ACCOUNTING RATIOS
BALANCE SHEET RATIOS
CURRENT RATIO: current assets should be more than twice the
current liabilities.
ACID TEST: liquid assets should be more than the current
liabilities.
INVENTORY RATIO: inventory should be less than 3/4 of the net
working capital in a small company and less than
the net working capital in a large company.

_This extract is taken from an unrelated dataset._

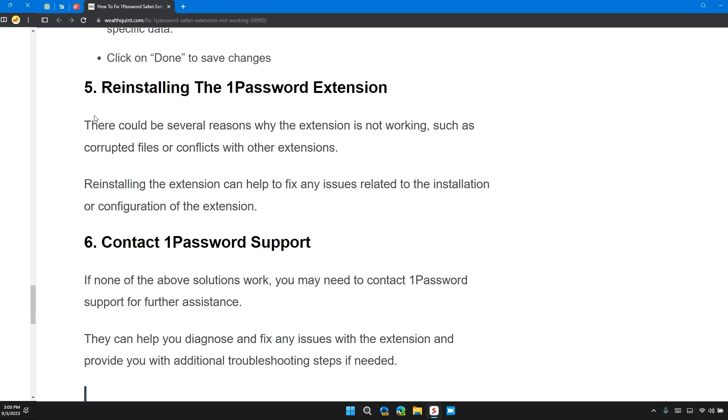Reinstalling the extension can help to fix any issues related to the installation or configuration of the extension.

LONG-TERM DEBT RATIO: long-term debt should be less than the net
working capital
FIXED ASSETS RATIO: fixed assets should be less than 2/3 of the
tangible net worth in a small company and less
than 3/4 of the tangible net worth in a large
company.
LIABILITIES RATIO: total liabilities should be less than the
tangible net worth. (This measures creditors'
interest vs owner's interest.)
CURRENT LIABILITIES RATIO: current liabilities should be less
than 2/3 of the tangible net worth of a small
company and less than 3/4 for a large company.
NET WORKING CAPITAL: current assets less the current
liabilities.
TANGIBLE NET WORTH: net worth less the intangible assets.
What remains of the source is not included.